● The problem
Transcribe each line below verbatim; pictures excluded.

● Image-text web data
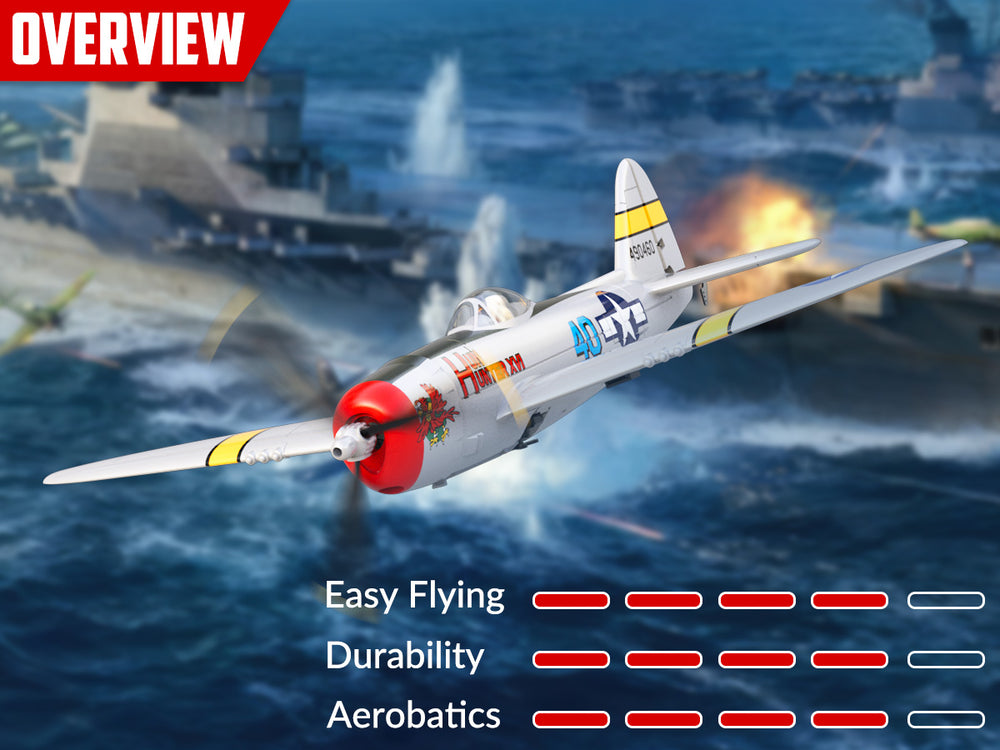 VOLANTEXRC P47 Thunderbolt Avión RC RTF - Avión de guerra de 4 canales con giroscopio &  Alarmas duales (2 baterías)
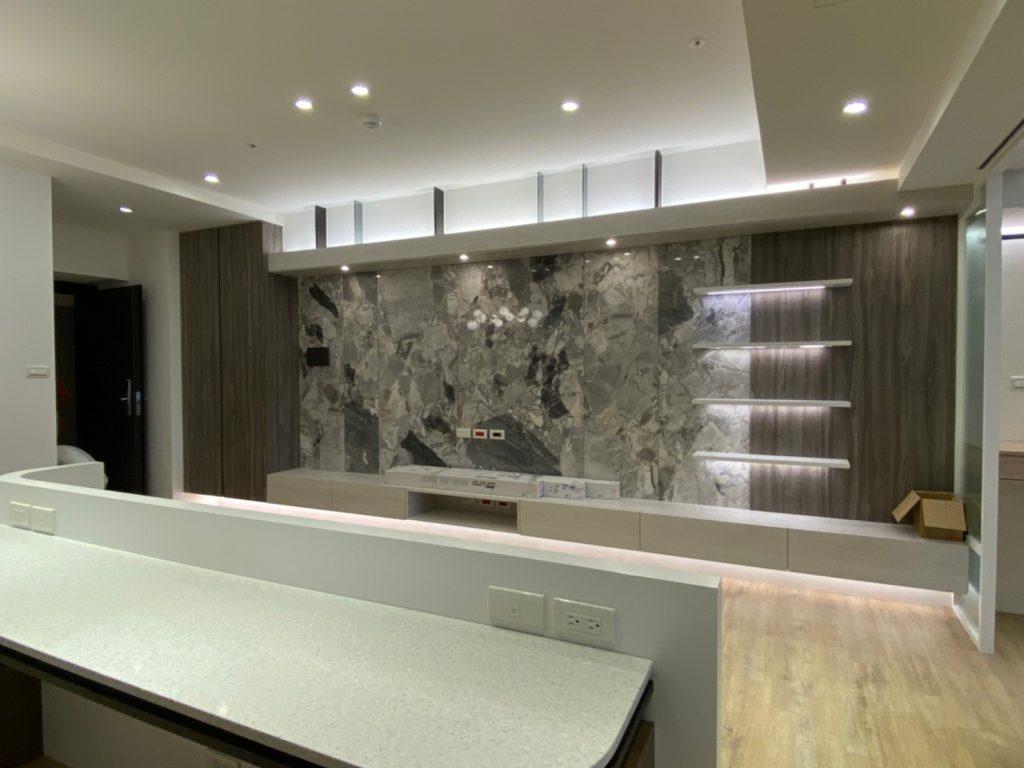 電視牆面設計｜電視牆裝飾－許小姐｜原色石材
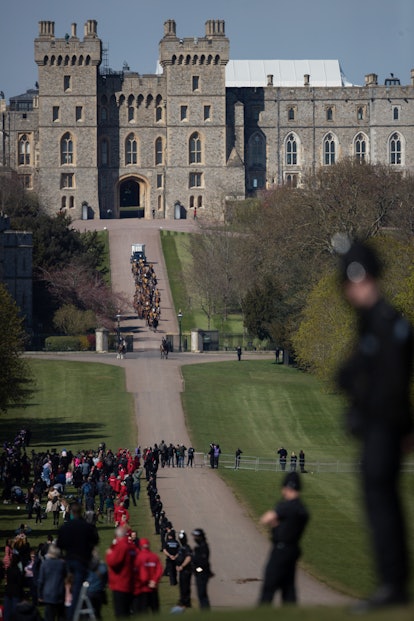 WINDSOR, ENGLAND - APRIL 17: The King’s Troop, Royal Horse Artillery depart Windsor Castle after the...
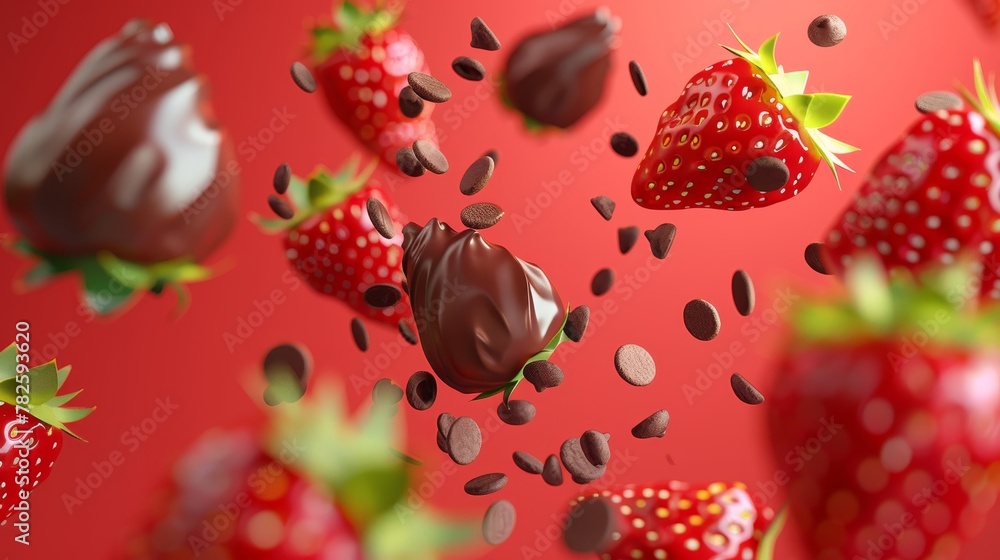 Aufkleber a cluster of chocolate-covered strawberries d style isolated flying objects memphis style d render a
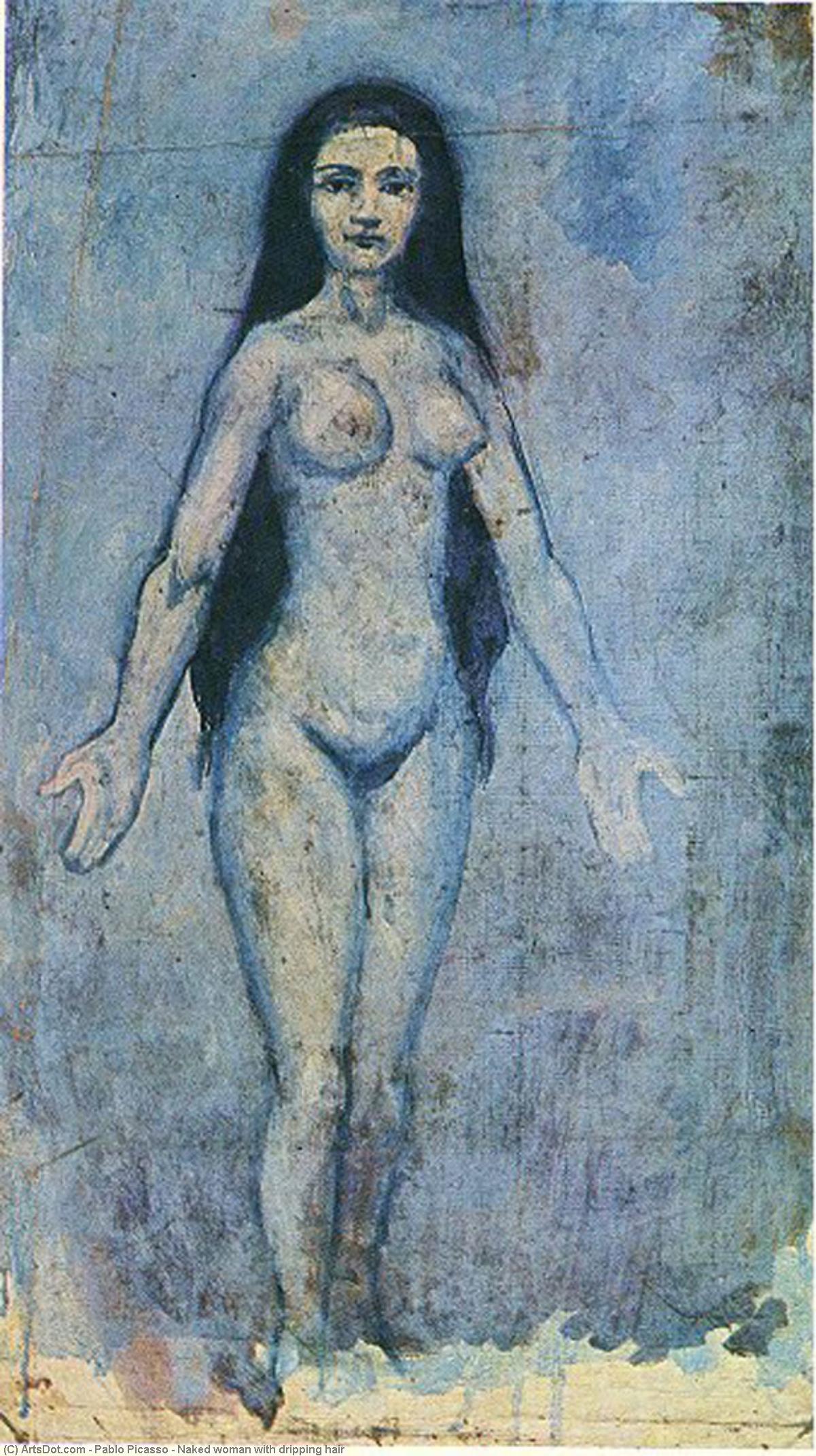 Order Oil Painting Replica Naked woman with dripping hair, 1902 by Pablo Picasso (Inspired By) (1881-1973, Spain) | ArtsDot.com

● Solution for this problem
 VOLANTEXRC P47 Thunderbolt Avión RC RTF - Avión de guerra de 4 canales con giroscopio &  Alarmas duales (2 baterías)
 電視牆面設計｜電視牆裝飾－許小姐｜原色石材
 WINDSOR, ENGLAND - APRIL 17: The King’s Troop, Royal Horse Artillery depart Windsor Castle after the...
 Aufkleber a cluster of chocolate-covered strawberries d style isolated flying objects memphis style d render a
 Order Oil Painting Replica Naked woman with dripping hair, 1902 by Pablo Picasso (Inspired By) (1881-1973, Spain) | ArtsDot.com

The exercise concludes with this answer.